La réunion à quatre ayant regroupé l'Algérie, le Front Polisario, le Maroc et la Mauritanie, organisée par l'envoyé spécial des Nations unies, Horst Kohler, pour relancer les négociations, s'est achevée avec un simple engagement à poursuivre le dialogue en 2019.

L'initiative de Horst Kohler, ex-président allemand et envoyé spécial de l'ONU au Sahara occidental, est inédite. Elle a réuni les quatre parties impliquées au conflit autour d'une même table, les 5 et 6 décembre au Palais des Nations, à Genève, pour sortir de l'impasse un conflit vieux de quarante-trois ans.

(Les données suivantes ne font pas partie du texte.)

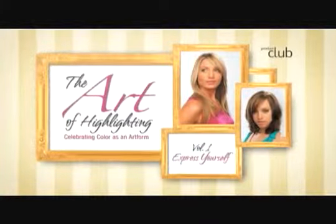Shadowing is perfect for the client who's become overly blonde and wishes to go back to a more natural-looking blonde color. The result of this technique is hair that is rich and multidimensional.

Pour les Nations unies, c'est "un premier pas vers un processus renouvelé de négociations en vue de parvenir à une solution juste, durable et mutuellement acceptable qui permette l'autodétermination du peuple du Sahara occidental" mais qui n'a pas eu les effets escomptés. La table ronde a regroupé les ministres des Affaires étrangères algérien, marocain, mauritanien et le président du "parlement" sahraoui. Elle s'est achevée avec pour seul résultat, de se revoir début 2019 pour parler du statut du Sahara occidental.

À l'issue des discussions, Horst Kohler s'est félicité que les parties se soient "engagées ouvertement et dans un esprit de respect mutuel" sans toutefois réussir à cacher que le blocage demeurait entier entre les protagonistes. Le Maroc, qui contrôle de fait 80% de ce territoire désertique de 266 000 km2, continue de le considérer comme faisant partie de son territoire historique et rejette toute solution autre qu'une autonomie sous sa souveraineté. Le chef de la diplomatie marocaine, Nasser Bourita, a relevé "la très bonne atmosphère" durant les discussions, tout en prévenant que son pays "n'est pas prêt à s'engager dans des réunions sans fin".

Une fin de non-recevoir à l'adresse du Front Polisario, qui est plutôt intransigeant sur son droit d'autodétermination et qui s'est félicité du soutien des États-Unis et de l'Union africaine au dialogue sous l'égide de l'ONU tout en s'en prenant à l'Union européenne. Les Nations unies ont réduit à six mois, contre douze précédemment, le mandat des Casques bleus de la Mission des Nations unies au Sahara occidental, chargée de surveiller le cessez-le-feu en vigueur depuis 1991.